Trabalhando na IENH desde 2006, Cristiane acompanhou o projeto praticamente desde o começo. Ela observa que o currículo foi passando por atualizações ao longo desse tempo, mas sem perder a ideia de trabalhar língua e conteúdo por meio da vivência. “Estive na implantação como professora de língua inglesa. Tínhamos muitas reuniões de estudo, entre os professores que estavam trabalhando no bilíngue, para que fôssemos nos aprimorando. Aprendemos fazendo, learn by doing, educação bilíngue é assim”, defende. Outra prática que ajudou no começo foi a duplicidade: duas professoras dentro da sala de aula. Isso ainda é mantido na educação infantil, alternando o foco nas diferentes línguas. 

Para trabalhar os conteúdos em língua inglesa, a IENH se associou a um currículo da Universidade de Cambridge, da Inglaterra. Os componentes de Matemática e Ciências, ou Science e Math, são desenvolvidos tal e qual o que é praticado lá. 

“Fazemos um estudo para não repetir o conteúdo. Tem coisas do currículo de Cambridge que nem aparecem no brasileiro, então vamos complementando. Por isso é importante o planejamento em conjunto.

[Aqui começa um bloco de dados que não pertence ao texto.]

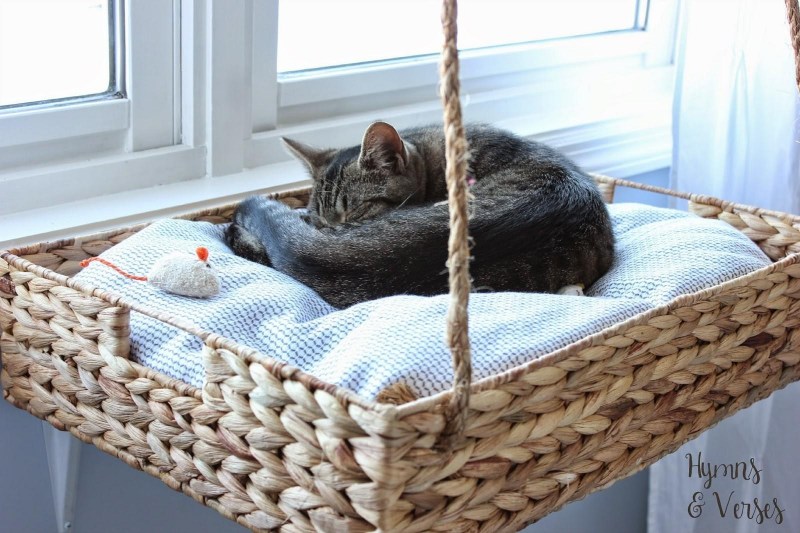 Подвесная лежанка для кошек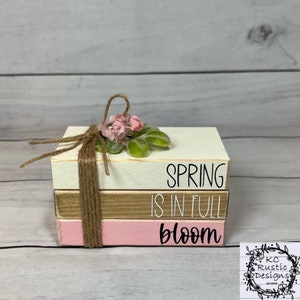 Spring mini wood book stack/tier tray decor/spring decor/ wood books/ book bundle/ flowers/farmhouse/spring tier tray/home decor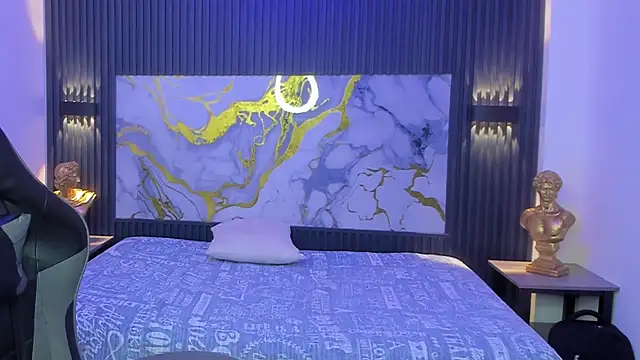 Liams18 online show from April 16, 2026, 3:40 am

A professora de Ciências senta com a de Science para trabalhar de forma rica e não repetitiva. O objetivo é abordar por outro ângulo, de uma maneira mais lúdica, às vezes mais prática”, detalha Cristiane.

Quando os alunos vão para as séries finais, passam por check points, que são exames de Cambridge em Math e Science. A prova vem da Inglaterra e tem um momento específico para essa avaliação, que é feita em relação aos conteúdos e não do idioma. Esse conhecimento ajuda aqueles que querem se candidatar para cursar o Ensino Superior em outros países.
Para que todo o ambiente escolar seja cada vez mais bilíngue, a escola reforça a sinalização em língua inglesa e criou, agora, um programa de incentivo com ajuda de custo para que os funcionários façam aulas do idioma. Entre os alunos, a vivência é garantida por meio de imersões não apenas dentro da instituição, mas também em outros ambientes. As experiências vão de coisas simples, como combinar com o garçom para falar em inglês no restaurante, até o deslocamento para atividades mais completas. No sexto ano, por exemplo, as turmas fazem uma viagem para São Paulo, onde participam de um english camp de quatro dias.